• _Work required_
Repeat the listing word for word. No pictures belong in the copy.

• _Stored data_
#####
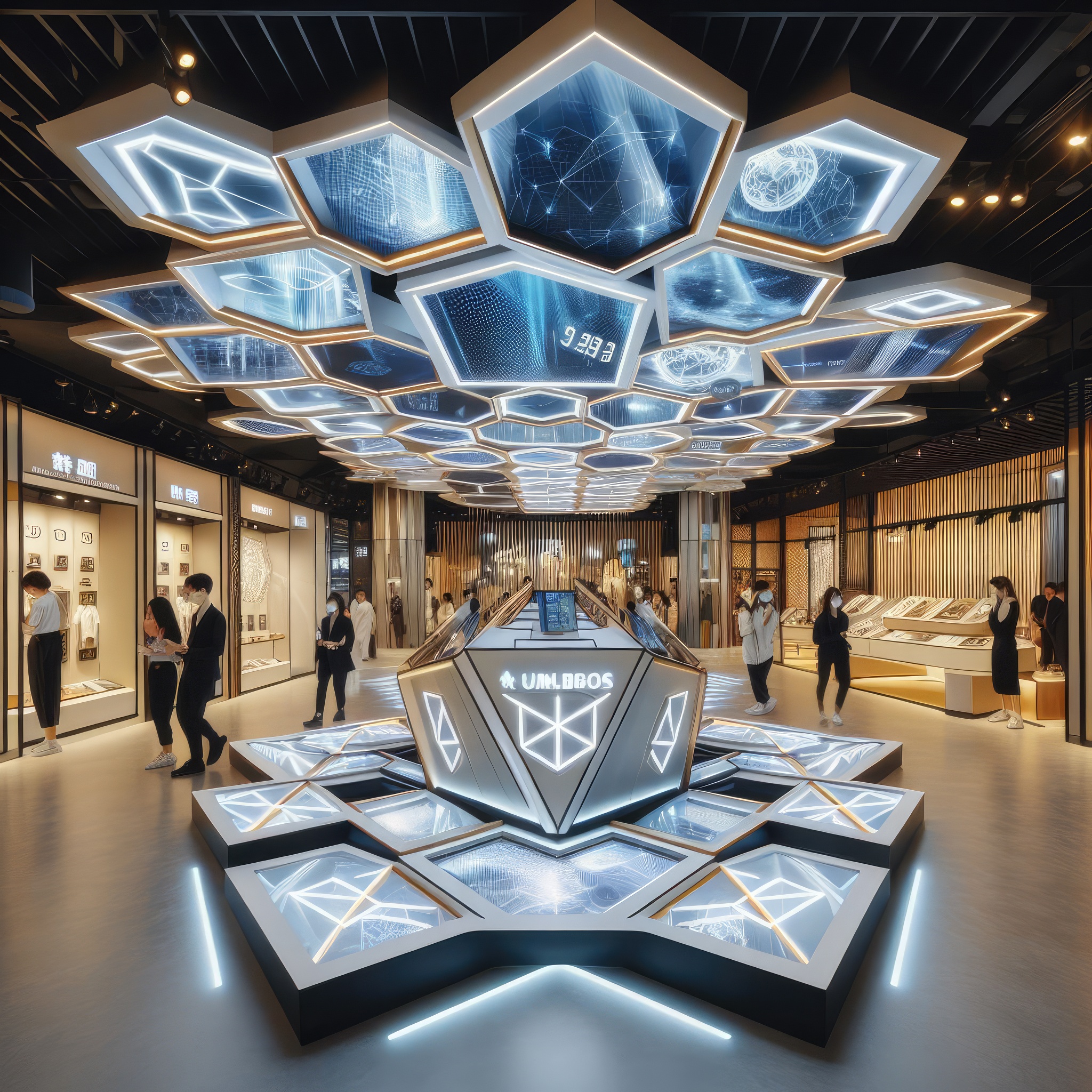 Umbro Outdoor/Indoor Store Architecture generated by Ai-12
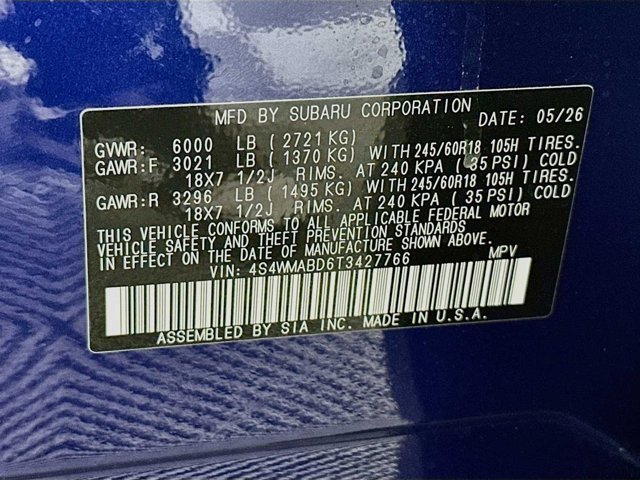 New 2026 SAPPHIRE BLUE PEARL Subaru Premium 7-Passenger image 30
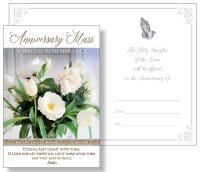 Card - Anniversary Mass with Insert   (20025)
#####
• _Exercise response_
 Umbro Outdoor/Indoor Store Architecture generated by Ai-12
 New 2026 SAPPHIRE BLUE PEARL Subaru Premium 7-Passenger image 30
 Card - Anniversary Mass with Insert   (20025)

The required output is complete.